Transportation accounts for about a quarter of our emissions in Canada. That’s why the Government Canada has an ambitious target of 100 per cent zero-emission vehicle sales by 2035, coupled with a suite of support measures from charging infrastructure to purchase incentives.
With that in mind, the federal government has just committed to providing Volkswagen, Europe’s largest automaker, with production support to match the United States Inflation Reduction Act’s (IRA) Advanced Manufacturing Production Credit, equalling USD$35 per kWh. Just like in the U.S., Canada’s support will only be for what is produced and sold and will phase out by 25 percentage points ever year beginning in 2030 (after 2032, the credit would be eliminated).
Volkswagen is investing $7 billion to establish its first overseas electric vehicle battery manufacturing plant in St. Thomas, Ontario. This is the largest electric vehicle-related investment in Canadian history, signaling a strong vote of confidence in Ontario and Canada’s highly-skilled workers, strong economies, and competitive business environments.
“When we talk about our made-in-Canada plan, we’re talking about creating good, middle-class jobs now and into the future, we’re talking about clean air for our kids and grandkids, and we’re talking about a strong economy that works for all Canadians,” said Justin Trudeau, Prime Minister of Canada. “That’s what Volkswagen’s new electric vehicle battery plant in St. Thomas – the largest manufacturing plant in the country once built – is all about.
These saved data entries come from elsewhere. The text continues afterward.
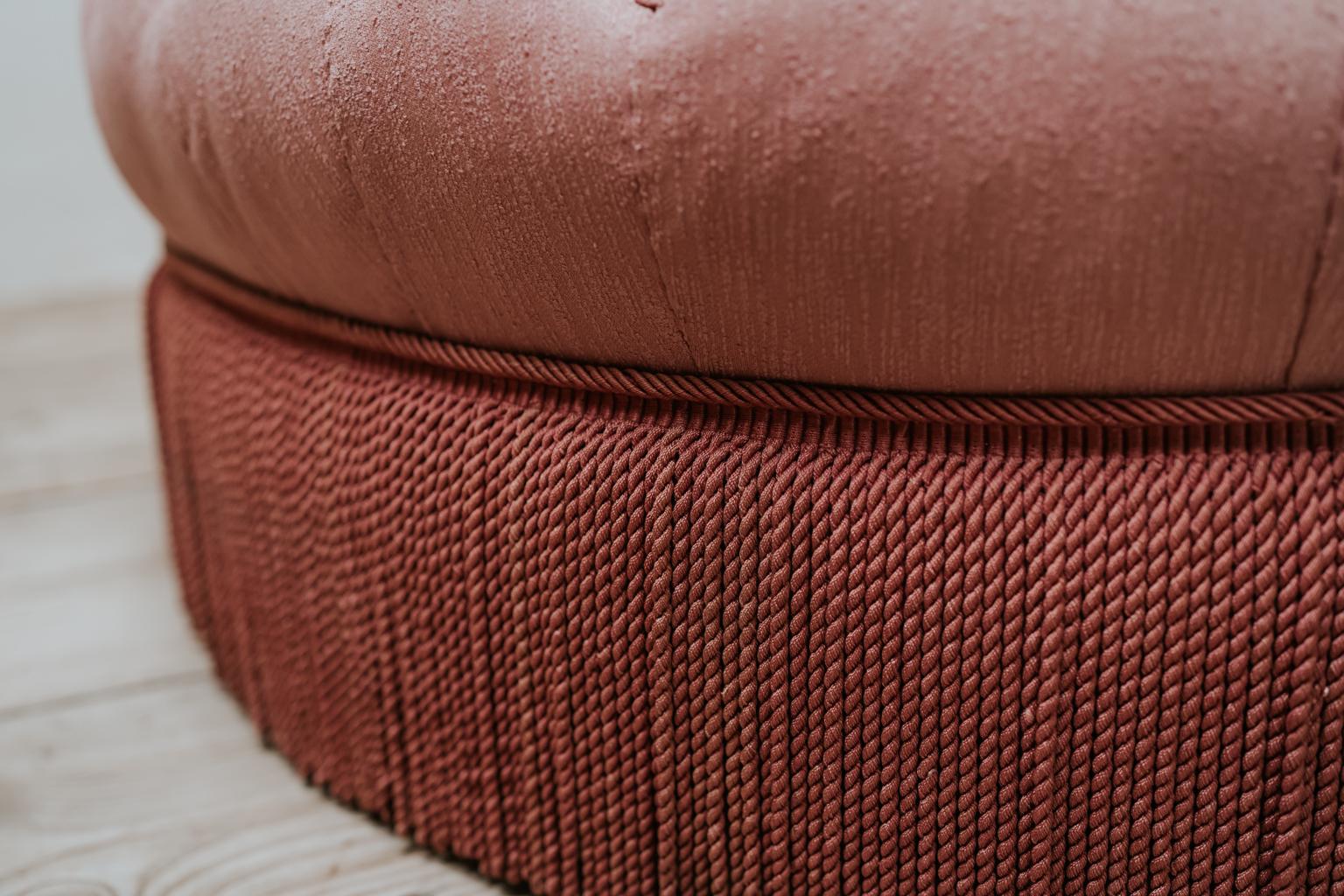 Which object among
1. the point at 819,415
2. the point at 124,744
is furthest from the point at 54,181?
the point at 819,415

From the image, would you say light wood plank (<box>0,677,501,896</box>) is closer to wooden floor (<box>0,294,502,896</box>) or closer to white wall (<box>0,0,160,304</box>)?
wooden floor (<box>0,294,502,896</box>)

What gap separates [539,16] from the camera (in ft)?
1.29

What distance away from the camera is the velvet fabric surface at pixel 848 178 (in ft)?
1.08

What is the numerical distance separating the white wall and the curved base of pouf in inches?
49.5

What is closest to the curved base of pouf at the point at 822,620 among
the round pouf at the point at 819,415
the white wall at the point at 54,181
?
the round pouf at the point at 819,415

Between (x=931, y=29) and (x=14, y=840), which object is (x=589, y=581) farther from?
(x=14, y=840)

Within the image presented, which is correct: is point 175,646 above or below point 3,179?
above

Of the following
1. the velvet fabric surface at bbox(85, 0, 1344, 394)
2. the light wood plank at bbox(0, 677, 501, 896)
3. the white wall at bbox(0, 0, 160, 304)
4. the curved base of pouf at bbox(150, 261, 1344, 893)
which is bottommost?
the white wall at bbox(0, 0, 160, 304)

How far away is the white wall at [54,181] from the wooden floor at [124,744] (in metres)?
0.63

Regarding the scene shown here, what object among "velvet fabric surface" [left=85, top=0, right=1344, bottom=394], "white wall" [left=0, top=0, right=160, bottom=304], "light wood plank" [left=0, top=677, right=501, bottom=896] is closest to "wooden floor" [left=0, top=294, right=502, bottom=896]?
"light wood plank" [left=0, top=677, right=501, bottom=896]

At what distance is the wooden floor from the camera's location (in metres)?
0.57

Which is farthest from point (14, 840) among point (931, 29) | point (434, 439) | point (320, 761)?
point (931, 29)

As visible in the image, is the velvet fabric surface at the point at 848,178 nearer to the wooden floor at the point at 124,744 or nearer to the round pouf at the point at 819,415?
the round pouf at the point at 819,415

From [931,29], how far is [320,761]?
0.46 metres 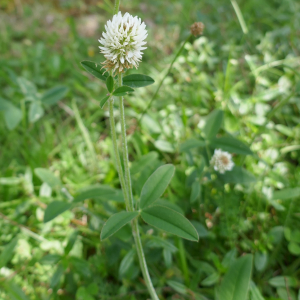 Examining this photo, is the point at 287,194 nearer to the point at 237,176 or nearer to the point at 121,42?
the point at 237,176

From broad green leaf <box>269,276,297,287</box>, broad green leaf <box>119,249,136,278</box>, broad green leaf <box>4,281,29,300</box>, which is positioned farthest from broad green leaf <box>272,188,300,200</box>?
broad green leaf <box>4,281,29,300</box>

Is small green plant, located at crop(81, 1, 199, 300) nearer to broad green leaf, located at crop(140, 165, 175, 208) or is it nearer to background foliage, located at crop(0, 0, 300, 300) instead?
broad green leaf, located at crop(140, 165, 175, 208)

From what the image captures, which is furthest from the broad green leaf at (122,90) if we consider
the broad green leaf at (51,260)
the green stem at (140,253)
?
the broad green leaf at (51,260)

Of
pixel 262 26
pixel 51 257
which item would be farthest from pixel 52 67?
pixel 262 26

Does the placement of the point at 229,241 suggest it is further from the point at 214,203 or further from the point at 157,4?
the point at 157,4

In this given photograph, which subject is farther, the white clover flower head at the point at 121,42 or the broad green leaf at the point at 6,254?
the broad green leaf at the point at 6,254

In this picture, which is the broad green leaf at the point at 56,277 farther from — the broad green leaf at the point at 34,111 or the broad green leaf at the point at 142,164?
the broad green leaf at the point at 34,111

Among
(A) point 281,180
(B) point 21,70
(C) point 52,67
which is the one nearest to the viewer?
(A) point 281,180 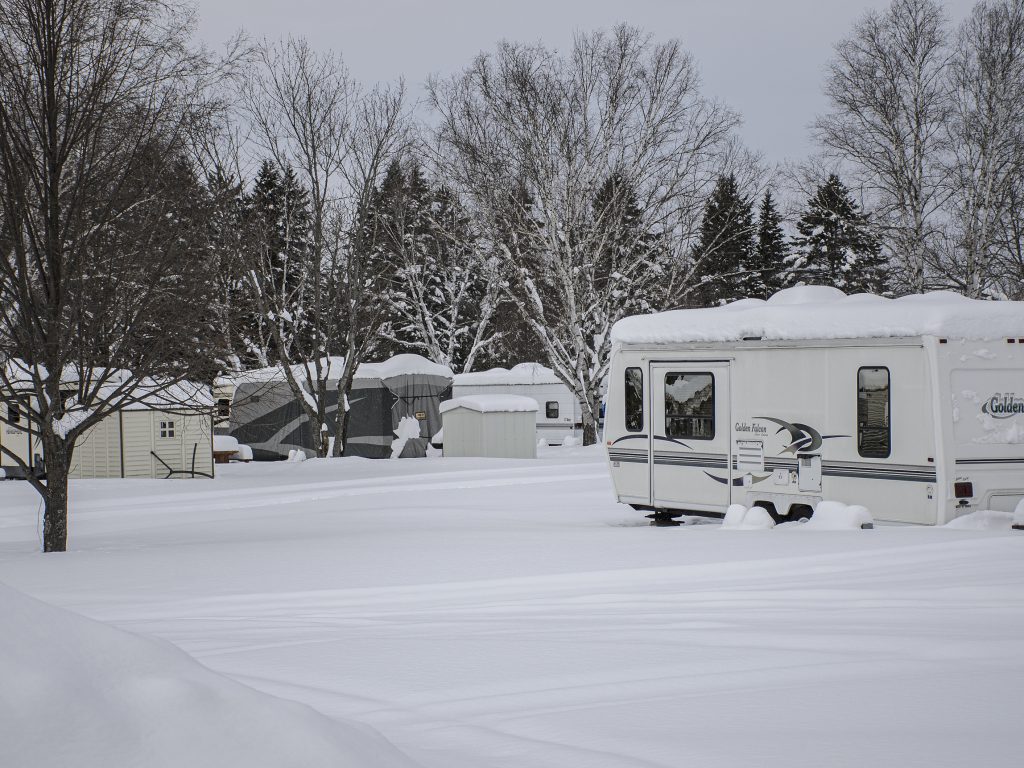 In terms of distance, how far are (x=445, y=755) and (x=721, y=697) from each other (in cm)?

It’s a win for workers, for the community, and for the economy.”
Prime Minister Justin Trudeau was joined by Ontario Premier Doug Ford, Vic Fedeli, Ontario’s Minister of Economic Development, Job Creation and Trade, and the federal Minister of Innovation, Science and Industry, François-Philippe Champagne, to highlight this generational deal for St. Thomas, Ontario, and Canada’s entire electric vehicle supply chain.
The plant, Volkswagen’s largest to date, will create up to 3,000 direct jobs and up to 30,000 indirect jobs. Once complete in 2027, the plant will produce batteries for up to one million electric vehicles per year, bolstering Canada’s domestic battery manufacturing capacity to meet the demand for electric vehicles now and into the future. The plant, which will generate about $200 billion in value, will be the largest manufacturing plant in Canada. Construction is expected to begin next year.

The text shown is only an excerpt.